Gamora is referred to as a living weapon - someone raised PURELY to kick ass on a non-stop basis. Here are the fights she then engages in:

  • Totally blows a fight between herself, Star-Lord (a bumbling human idiot), Groot (a sentient tree), and Rocket Raccoon (a space raccoon). Isn't able to take on these three (although Groot is a formidable opponent) AND gets captured. LOSS!
  • Gets taken ahold of by two random dudes in prison and nearly killed by Drax, but is thankfully saved by Chris Pratt. LOSS!
  • Beats up a bunch of people while escaping prison. WIN!
  • Gets her ship blown up by her sister Nebula (although, to be fair, this wasn't a physical battle, so whatever), but is thankfully saved by Chris Pratt. LOSS!
  • Barely defeats her sister, who doesn't even die. WIN! Sorta.

But hey! She won 2ish out of 4 or 5 fights. That's...not bad? Actually, that is pretty bad - especially the prison thing. At least none of her new friends call her a "whore" for no reason OH WAIT*


*even with the explanation, it's still pretty bad.

5. Why doesn't Thanos do anything about Ronan's betrayal?
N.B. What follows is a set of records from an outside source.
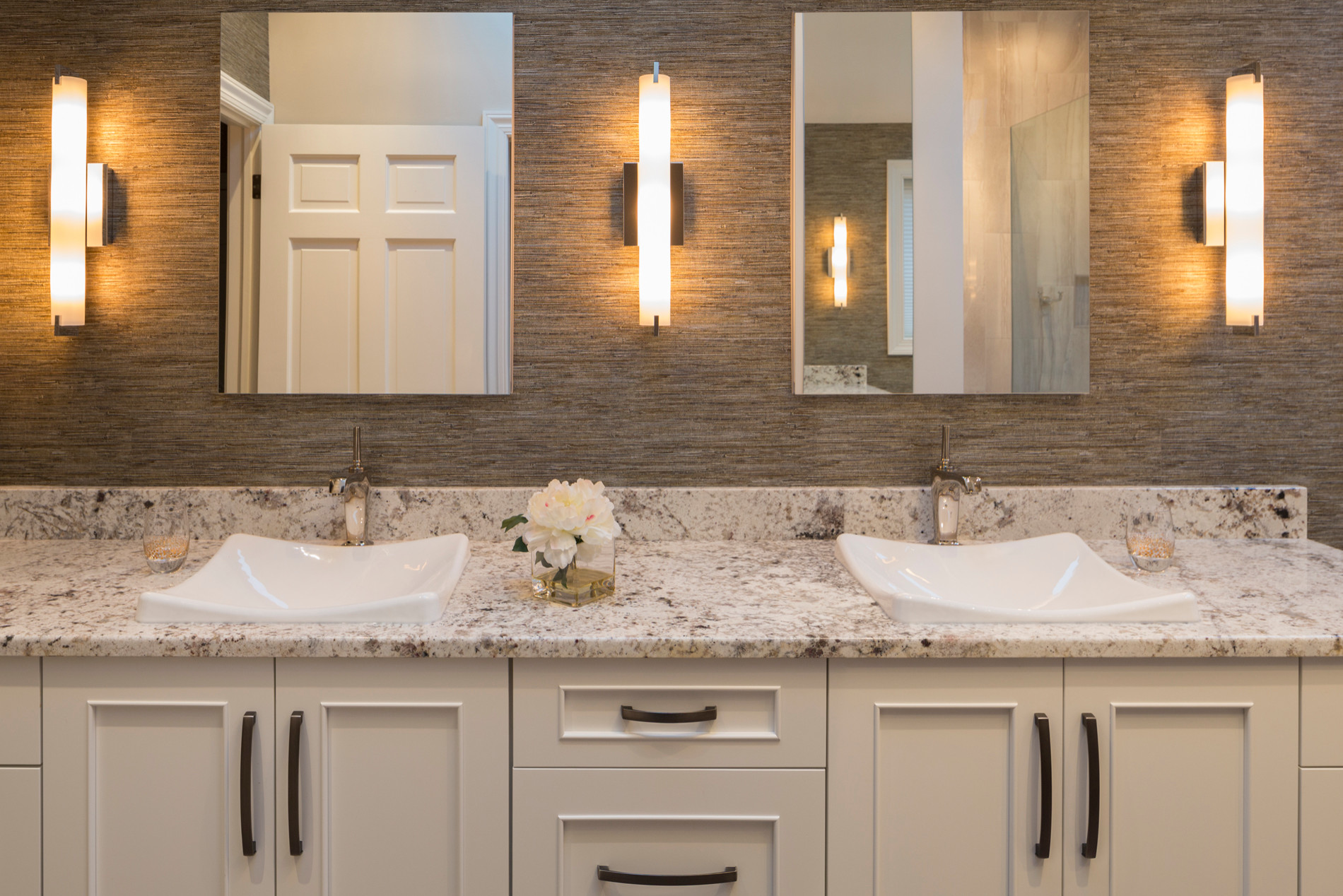 Large transitional master beige tile and ceramic tile porcelain tile and gray floor bathroom photo in Milwaukee with recessed-panel cabinets, white cabinets, a two-piece toilet, beige walls, a drop-in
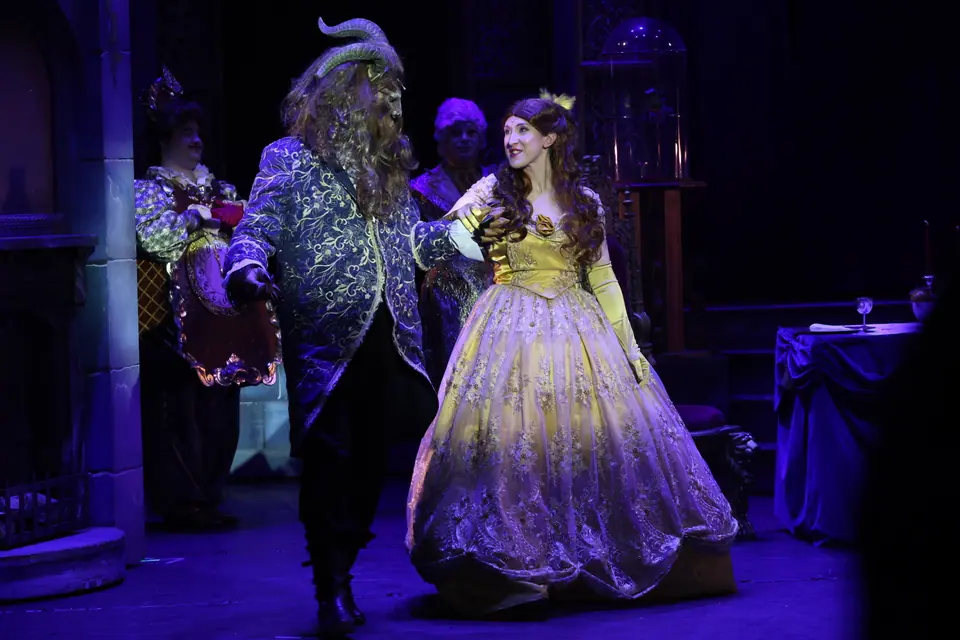 A figure in a beast mask and navy brocade coat leads a performer in a gold ball gown forward, the stage washed blue behind.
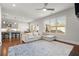 Open-concept living room with hardwood floors, large windows, kitchen bar and comfortable couch at 1872 Commons Nw Pl, Atlanta, GA 30318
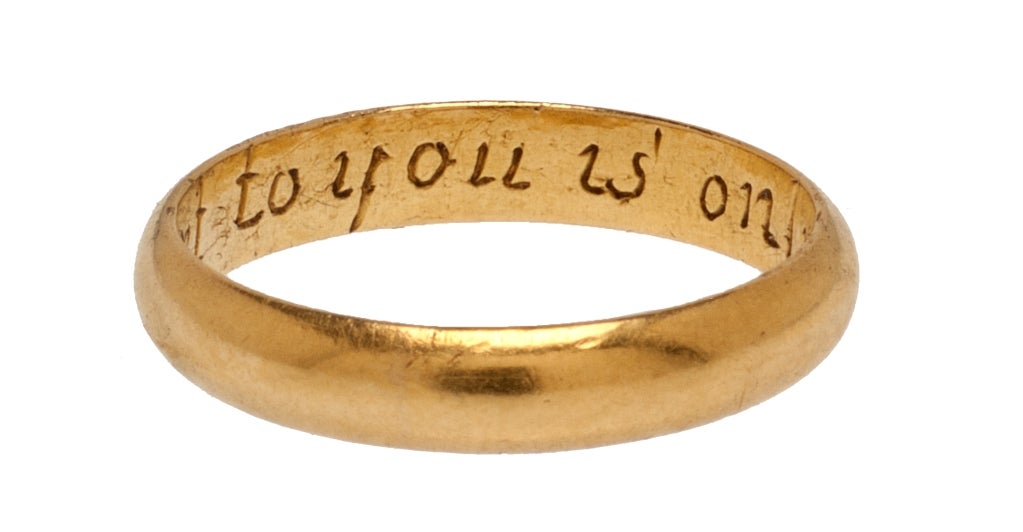 Circumference 49 mm.; US size 5, UK size J 1/2. 
A small, but solid, ring with center bevel on the exterior and flat interior. The interior is engraved in italics with “Respect to you is only due,” with the “R” and “s” linked.  The goldsmith’s mark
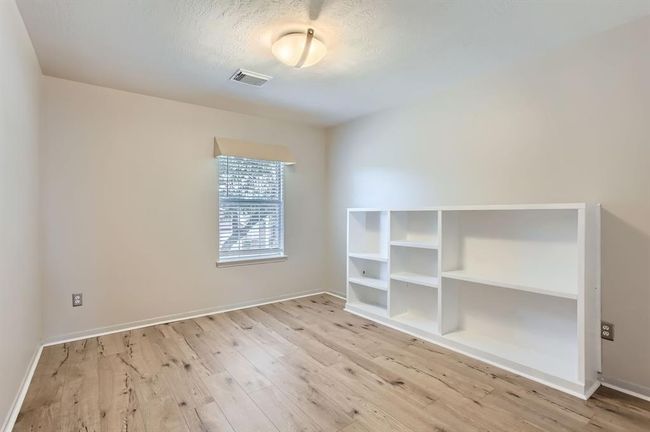 Secondary bedroom #2 - beautiful luxury vinyl flooring installed in 2023 | Image 31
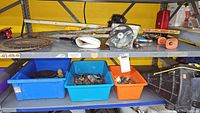 Wide view of metal shelves holding three bins with assorted hardware and tools, plus some items on top shelf including tape measure and metal parts.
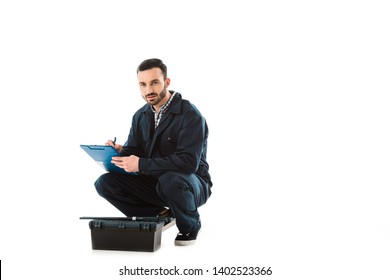 Serious Repairman Writing On Clipboard While Sitting Near Toolbox And Looking At Camera Isolated On White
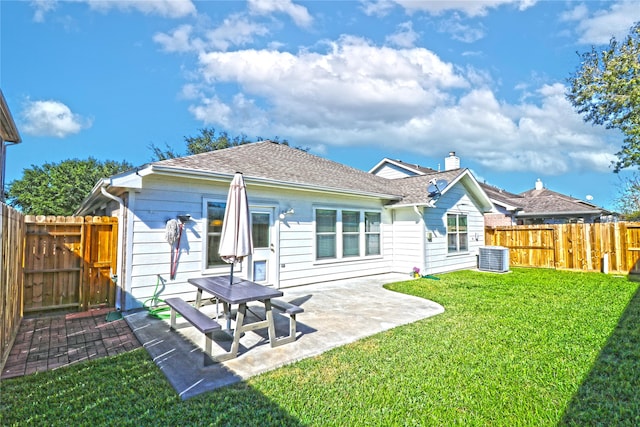 rear view of property featuring central air condition unit, a patio area, and a lawn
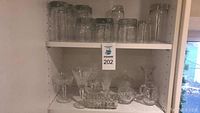 Full view of shelves holding the glassware and crystal kitchen items for visual context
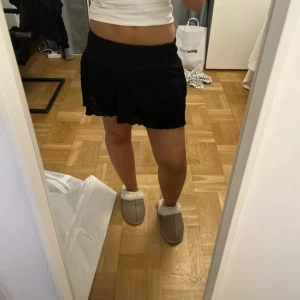 Svart kortkjol med volang från Gina Tricot - Säljer en svart kortkjol från Gina Tricot i storlek XS men passar s och m också. Kjolen har volangdetaljer och är aldrig använd 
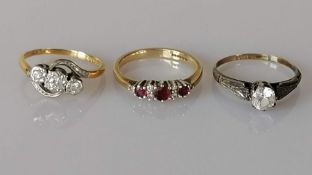 A three-stone diamond ring in an illusion setting on an 18ct gold and sapphire setting, size M, 3g;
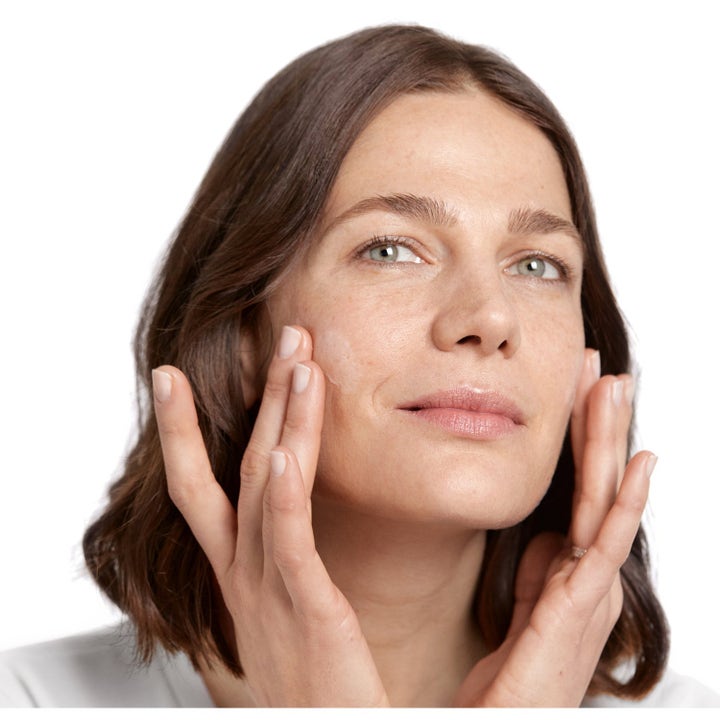 Clinique For Men Anti-Age 65 ml ryppyjä silottava kasvovoide jota nainen levittää sormin poskilleen.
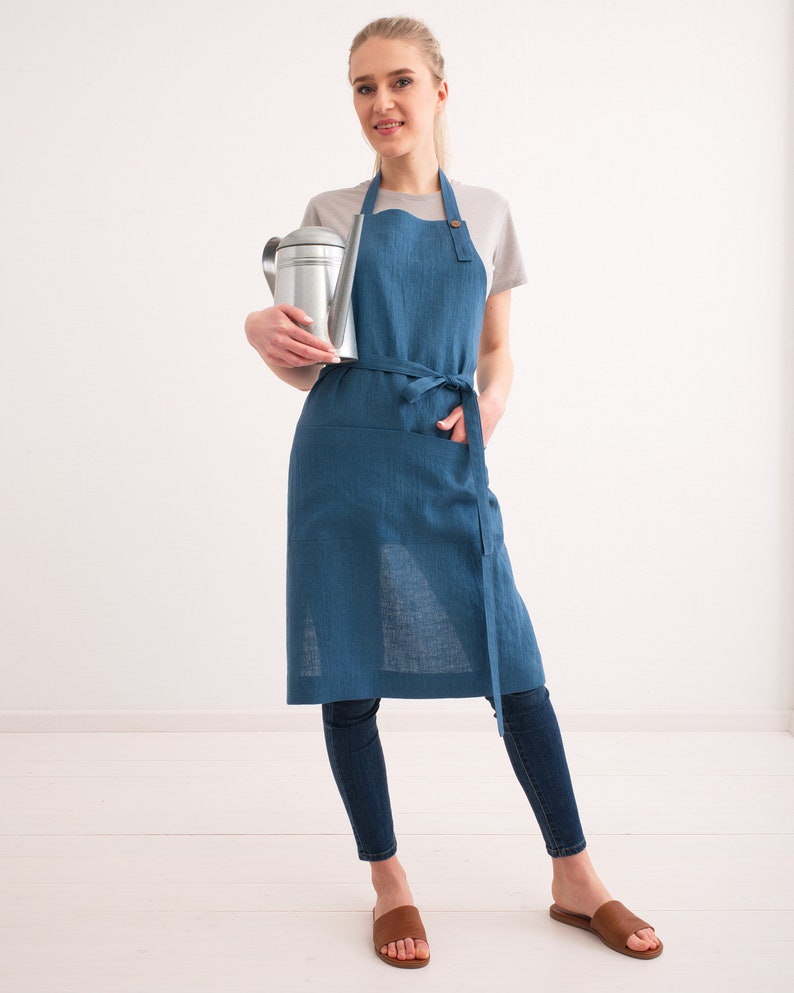 A smiling woman wearing a blue denim apron over a casual outfit holds a metal watering can, paired with skinny jeans and brown sandals, in a bright, airy room.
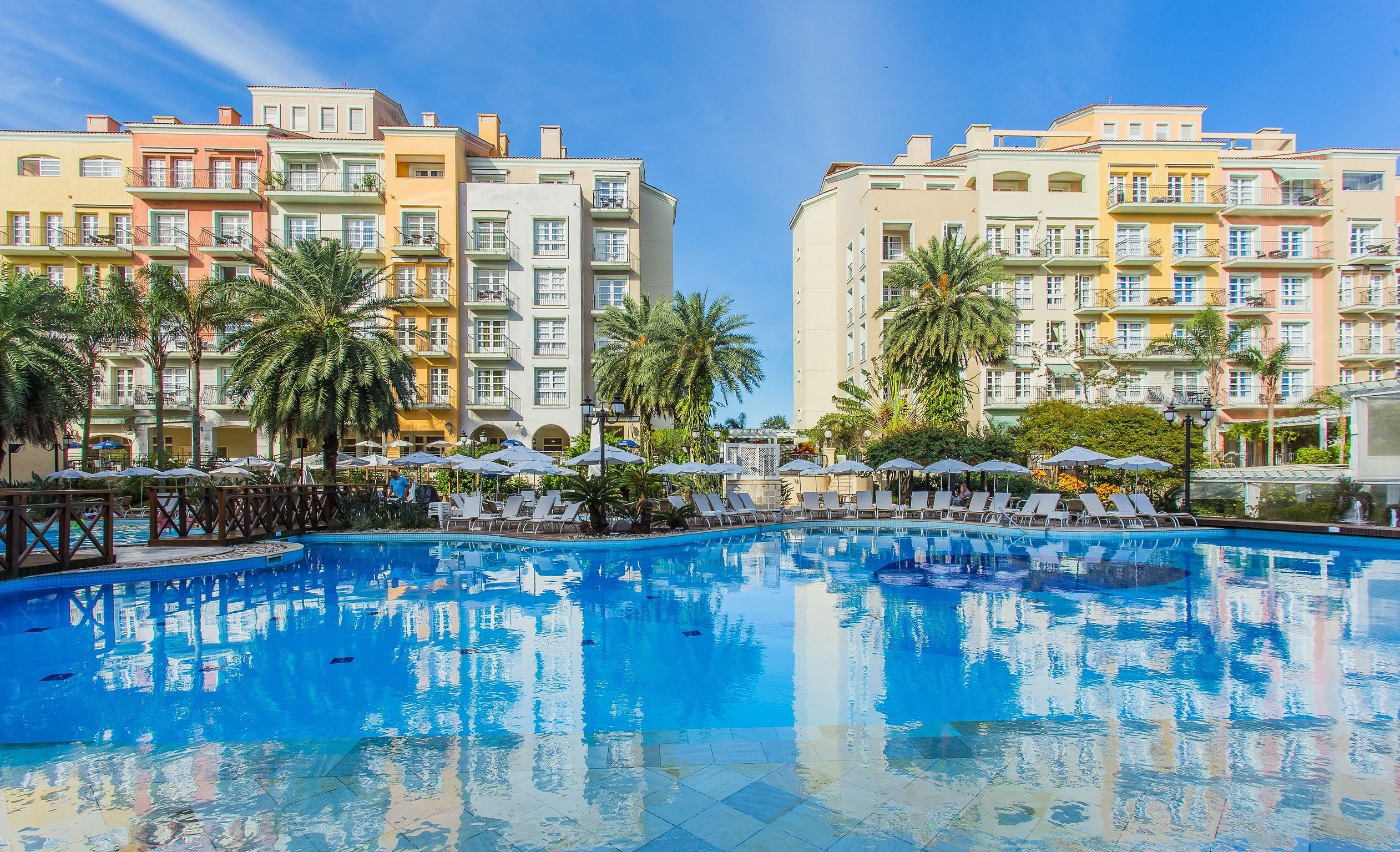 A swimming pool with lounge chairs and umbrellas, surrounded by multi-story buildings with balconies.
Really threatening there, Thanos, sitting on your chair and not doing anything when others betray you. Hey, remember when Loki fucked up your schemes and lost your scepter in The Avengers, and you allowed him to be jailed in Asgard and never had him face any consequences? And now Ronan AND Gamora betray you, and you don't even GET OUT OF YOUR CHAIR to try to punish them? Maybe this is all part of your plan to make yourself seem like a helpless turd, so when you DO finally get the Infinity Gauntlet, no one will expect you to be able to do anything with it.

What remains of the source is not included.